Now let's take a closer look at our actual benchmark. First, we want to do some setup - in this benchmark, we will do the setup every time it is being run. It depends on the nature of the benchmarked code if that needs to be done every time or if you can do this once and then run the benchmark multiple times. Our state variable carries amongst many other things the parameters for the test in our case we have one for the number of elements we want to test with. We can access those parameters via the square brackets and their index.

Now for the actual benchmark loop - this is done with a for-in loop over our state variable. I am using the inline variable syntax here, the _ is a common notation for a variable whose value is actually of no interest. In fact the type of this variable - its type is TState.TValue in case you cannot use the inline variable syntax - is an empty record with no fields whatsoever. This interestingly allows for quite some optimized code being emitted for this loop - especially in 10.4, where due to using the new Finalize operator the end of the loop is not in the way of the loop body code.

Inside the loop, we do two things: we initialize the array with random numbers every time and then we call Sort. Doing the for-in loop over the state variable automatically starts the internal clock to measure the time. However, since we don't want to include the randomization of our array we wrap this loop inside PauseTiming and ResumeTiming calls.

The library itself decides how many iterations it will do - it will perform some startup code until its duration stabilize and then starts the iterations that it measures.

Let's now look at the last part of the code which is the setup. It always starts with a call to Benchmark where you pass a procedure that takes a TState parameter and a name for this benchmark to identify it when displaying or when filtering. There are several methods to be called to set up every benchmark. We are using the Range method to provide several values in a convenient way. In combination with RangeMultiplier, it determines which parameter values to call the benchmark with - in our case the benchmark will be called with 10, 100, 1000, 10000, and 100000. You can find more about all the possibilities in the documentation.

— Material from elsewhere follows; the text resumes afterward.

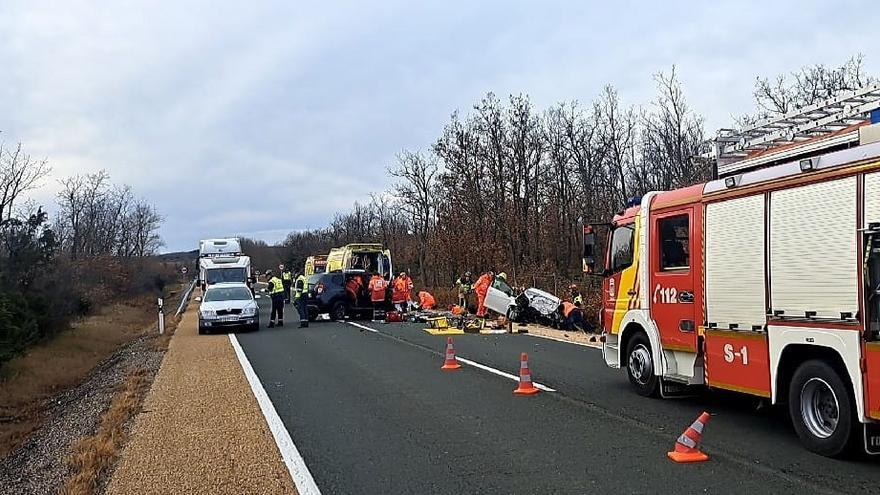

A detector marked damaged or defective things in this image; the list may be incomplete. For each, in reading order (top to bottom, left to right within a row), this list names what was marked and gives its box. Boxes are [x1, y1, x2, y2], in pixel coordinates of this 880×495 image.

crashed white car [484, 278, 560, 324]
damaged car [484, 276, 560, 326]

Let's run the project and see what it shows:

You can see a nicely printed summary of our multiple runs with their timings and the actual number of iterations the library ran the code for. In our code we added the value for a so-called counter which also helps to evaluate the code we just benchmarked - we counted the items that we processed by our sorting by multiplying the numbers in the array by the number of iterations we ran the code. The library code does all the necessary calculations to show that we processed several million items per second with our sorting.

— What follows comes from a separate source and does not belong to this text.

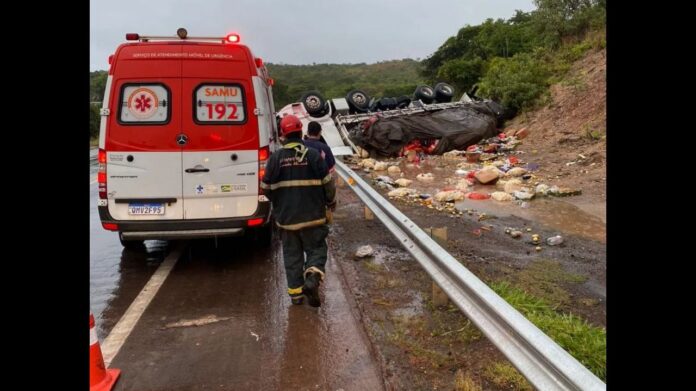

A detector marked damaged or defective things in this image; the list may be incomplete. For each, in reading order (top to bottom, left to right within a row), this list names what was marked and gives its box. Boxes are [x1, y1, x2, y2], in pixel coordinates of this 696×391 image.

There are many more features such as writing the statistics to csv or json format, running your benchmark code in multiple threads to also measure its performance when running in parallel.

The library requires at least Delphi XE7 or FPC 3.2.0 (at least that is what I tested it with) and runs on Windows (Delphi and FPC) and Linux (only tested with Delphi 10.4). Delphi support for macOS, iOS and Android is being worked on. 

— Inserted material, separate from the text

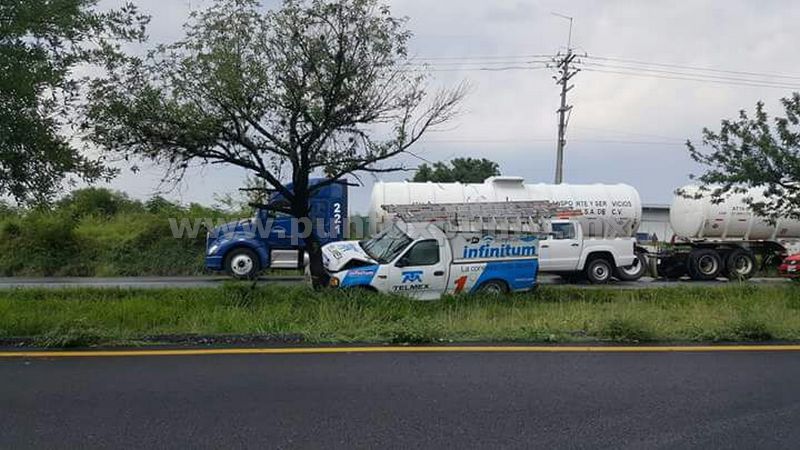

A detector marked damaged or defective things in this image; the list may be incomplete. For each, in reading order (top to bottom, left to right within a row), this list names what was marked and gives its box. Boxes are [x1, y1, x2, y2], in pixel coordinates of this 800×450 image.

Earlier I promised some more interesting videos to watch and here are a few:

An interesting and very entertaining talk from Andrei Alexandrescu from CppCon 2019.

Two talks from Chandler Carruth about efficiency with algorithms and about benchmarks.


  1. Replies
    1. Actually read the article - it might be explained there ;)

  2. A rightly done library: congrats. The StackOverflow link about Micro-Benchmarking is worth looking at for the users. Benchmarking sort algorithms is fine, because it is some realistic long-standing process. But micro-benchmarking of a very small process (like a CompareText or a Pos) is sometimes pointless because the CPU does itself its own optimization, which makes the results biased. This is what the StackOverflow implies, quoting Knuth about premature optimization. Premature Micro-Optimization to be more precise. ;) I have seen so many micro-benchmarks running process in the CPU L1 cache, reusing hot CPU pipeline tracking, which would give diverse results when working from main memory, as most performance-sensitive process would.